▸ **Your instructions**:
Exact copy, pictures excluded: reproduce every record below.

▸ **Available records**:
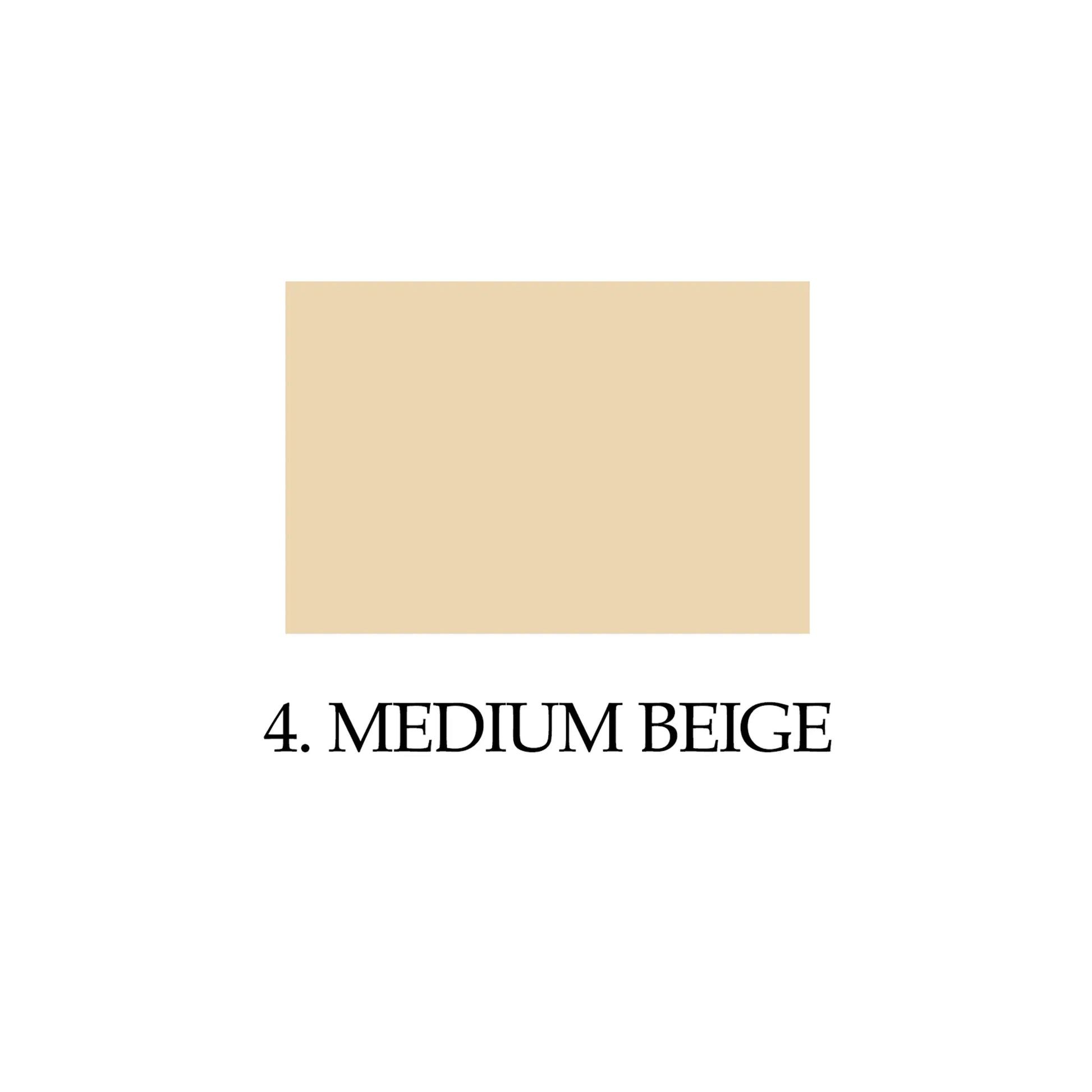 Px Look Lightweight Matte Foundations, lightweight matte foundation, matte foundations, best full coverage matte foundation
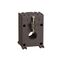 Single Phase Current Transformer - for 16 x 12.5mm Bar - Transformation Ratio 100/5A
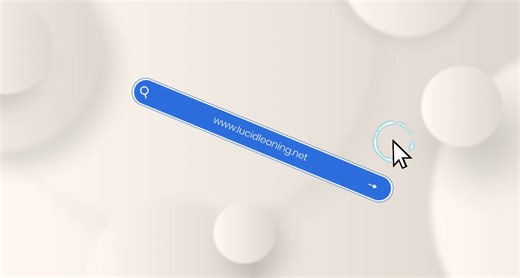 Sink & Source , Positive & Negative Logic Concepts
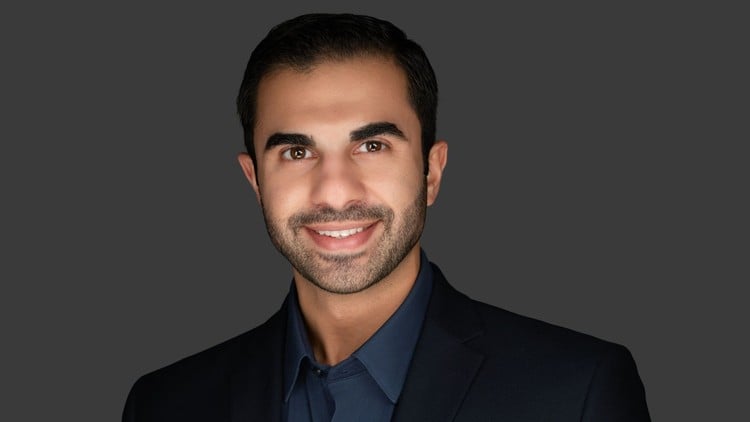 آماده سازی سوال تمرینی CISSP 2025: دامنه 1 (S&RM)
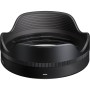 Sigma 15mm F1.4 DC | Contemporary for RF Mount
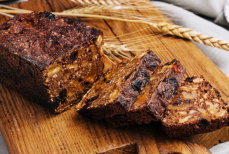 Убивает здоровье. Вот самый опасный хлеб — возможно он есть и у вас на столе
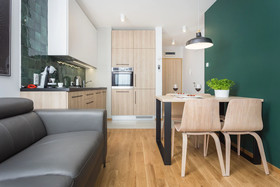 Concept House by goodhome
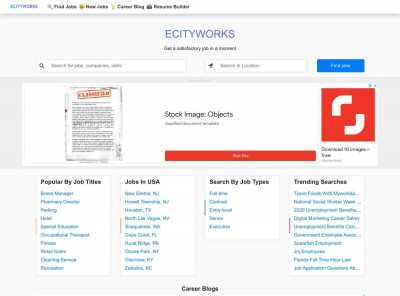 Michaels Sam Workbrain Etm, Jobs EcityWorks Michaels Sam Workbrain Etm, Jobs EcityWorks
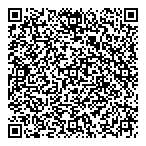 QR код "Trollbeads"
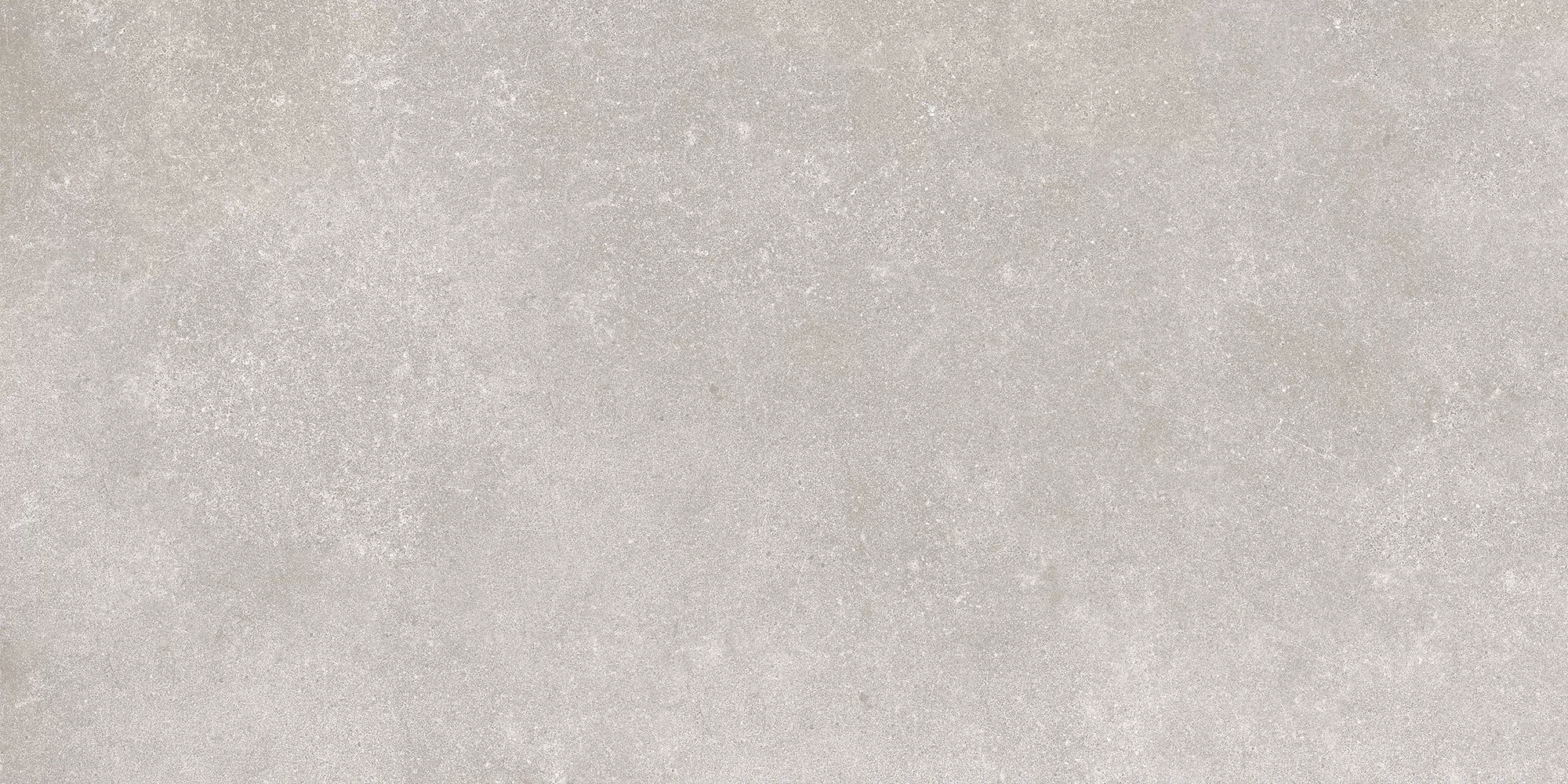 Керамогранит 6260-0247-1031 Denver Серый 30x60 (Global Tile)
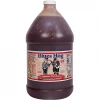Blues Hog Tennessee Red Sauce 1 Gallon BBQ Sauces, Marinades, Condiments & Seasonings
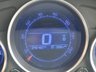 USED 2013 13 CITROEN DS4 1.6 HDI DSTYLE 5d 115 BHP 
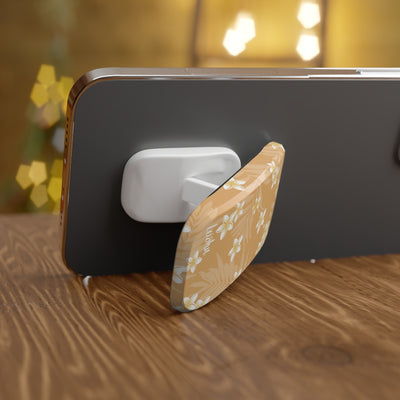 Kona - Phone Grip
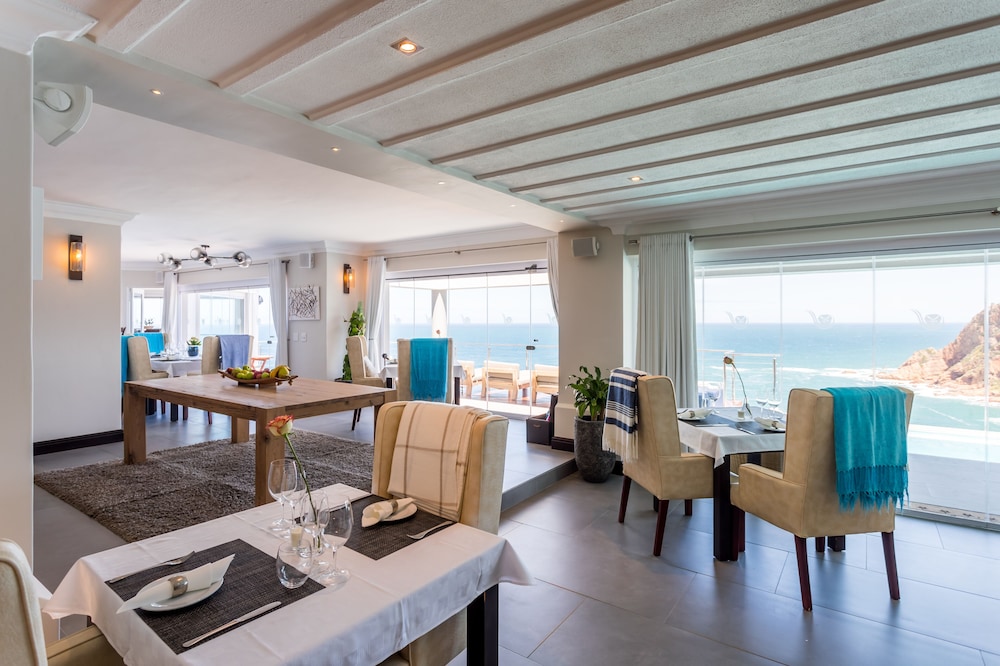 head over hills luxury retreat adults only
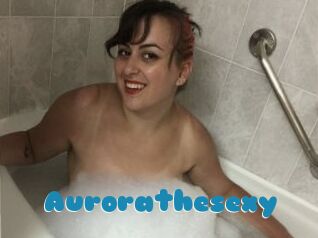 Aurorathesexy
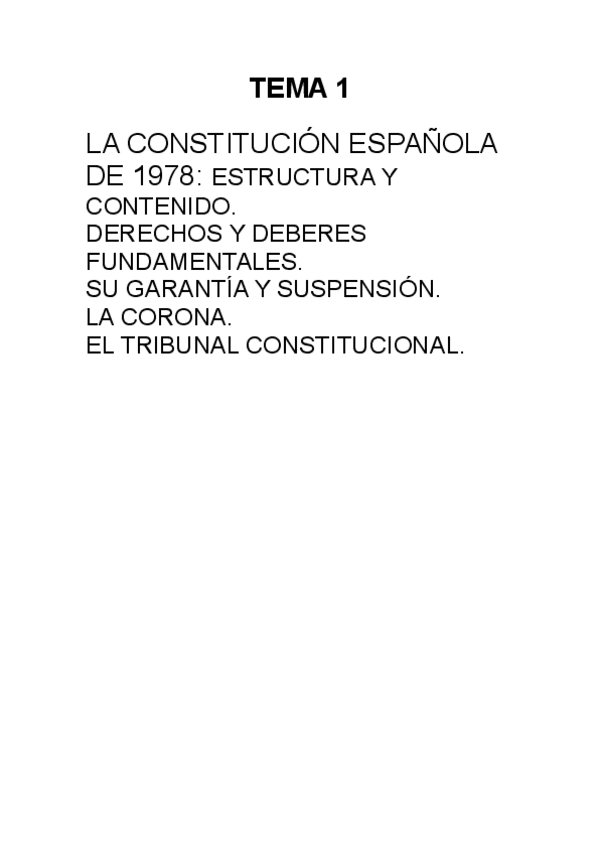 Miniatura del documento TEMA_1.pdf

▸ **Result for this task**:
 Px Look Lightweight Matte Foundations, lightweight matte foundation, matte foundations, best full coverage matte foundation
 Single Phase Current Transformer - for 16 x 12.5mm Bar - Transformation Ratio 100/5A
 Sink & Source , Positive & Negative Logic Concepts
 آماده سازی سوال تمرینی CISSP 2025: دامنه 1 (S&RM)
 Sigma 15mm F1.4 DC | Contemporary for RF Mount
 Убивает здоровье. Вот самый опасный хлеб — возможно он есть и у вас на столе
 Concept House by goodhome
 Michaels Sam Workbrain Etm, Jobs EcityWorks Michaels Sam Workbrain Etm, Jobs EcityWorks
 QR код "Trollbeads"
 Керамогранит 6260-0247-1031 Denver Серый 30x60 (Global Tile)
Blues Hog Tennessee Red Sauce 1 Gallon BBQ Sauces, Marinades, Condiments & Seasonings
 USED 2013 13 CITROEN DS4 1.6 HDI DSTYLE 5d 115 BHP 
 Kona - Phone Grip
 head over hills luxury retreat adults only
 Aurorathesexy
 Miniatura del documento TEMA_1.pdf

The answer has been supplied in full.